Zehntes Kapitel



Kurz nach Mitternacht.

Schleppende Schritte.

Der Blitzableiterverkäufer kam mit zufriedener Miene die menschenleere Straße entlang, die Ledertasche fast leer. An der Ecke blieb er stehen.


Weiche weiße Nachtfalter klopften leise an ein Fenster und schauten hinein.


Im Schaufenster lag wie ein Totenschiff aus sternenfarbenem Glas auf zwei Sägeböcken ein Eisklotz, groß genug, um dem Ring eines Riesen als Edelstein zu dienen.

In diesen Eisblock war die schönste Frau der Welt eingeschlossen.

Das Lächeln wich vom Gesicht des Blitzableiterverkäufers.

Da lag diese Frau in der traumhaften Kälte des Eises, wie jemand, der vor Jahrtausenden in einer Lawine entschlafen ist, ewig jung. Sie war schön wie der Morgen und frisch wie Blumen, lieblich wie ein Mädchen, wenn ein Mann die Augen schließt und es in der vollkommenen Schönheit einer Gemme festhält.

Erst jetzt wurde dem Blitzableiterverkäufer bewußt, daß er den Atem angehalten hatte.

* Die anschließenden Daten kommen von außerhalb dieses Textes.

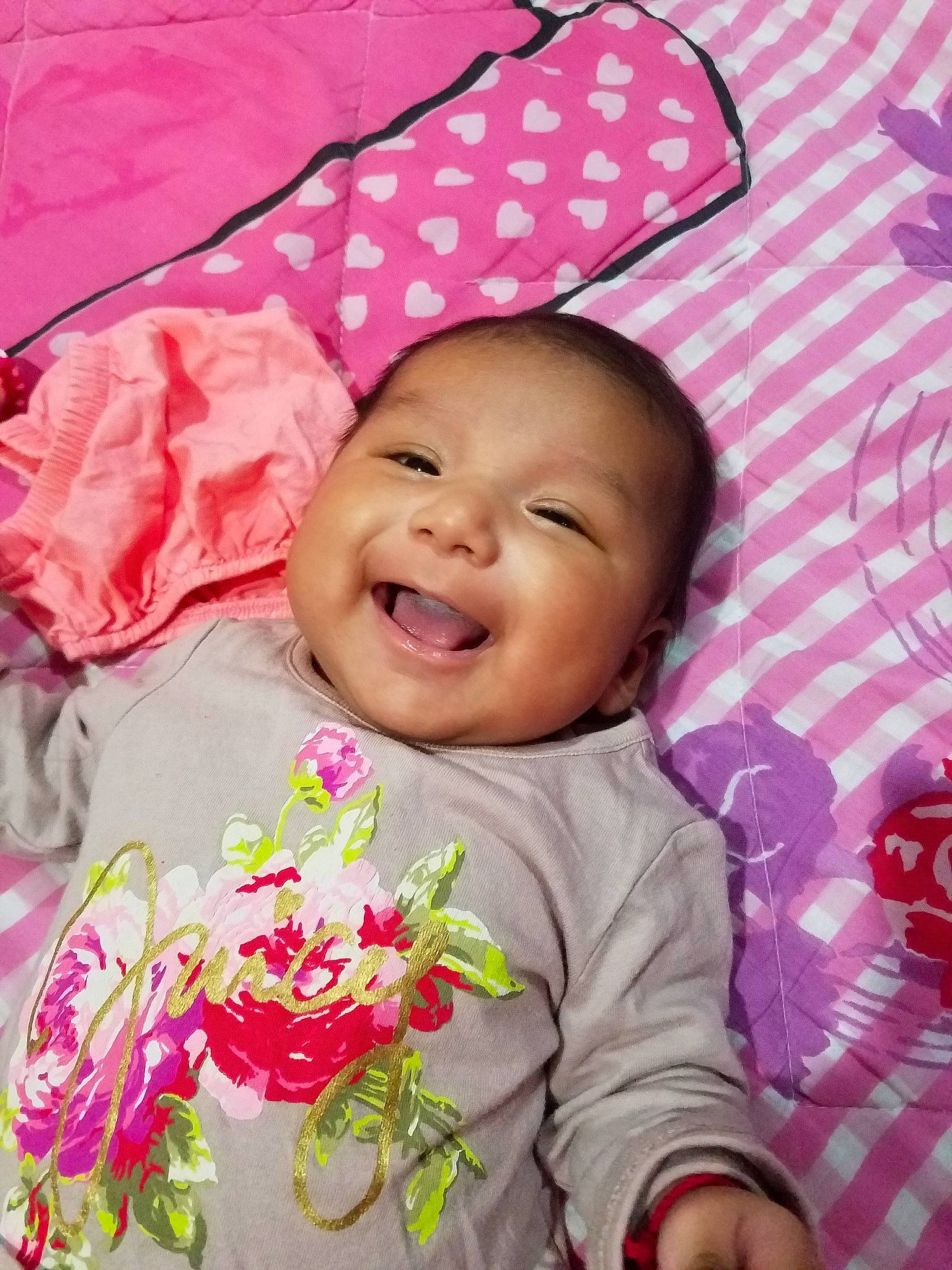 Angela is registered to the contest to win money with this photo: baby, cheek, child, face, facial_expression, flower, hair_accessory, happy, head, lip, person, pink, plant, product, skin, smile, textile, toddler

Vor langer, langer Zeit, in der marmornen Pracht von Rom und Florenz, da hatte er solche Frauen gesehen, gebannt in Stein und nicht in Eis. Vor langer Zeit wanderte er einmal durch den Louvre und fand solche Frauen, in sommerlichem Licht gebadet, in Farben verewigt. Vor langer Zeit, er war damals noch ein Junge, hatte er sich einmal in einem Kino durch die kühlen Gänge hinter der Leinwand gezwängt und den Blick gehoben. Turmhoch über sich hatte er auf der Leinwand das Antlitz einer Frau erblickt, wie er noch nie eines gesehen hatte, riesig und schön, milchweiß und mondklar, und er war erstarrt hinter der Bühne stehengeblieben, im Schatten der Lippen, der vogelgleich flatternden Wimpern, übergossen von der schneeigen Todesblässe der Wangen.

Aus vergangenen Jahren flossen Bilder zusammen und fanden ihre Verkörperung da in diesem Eisblock.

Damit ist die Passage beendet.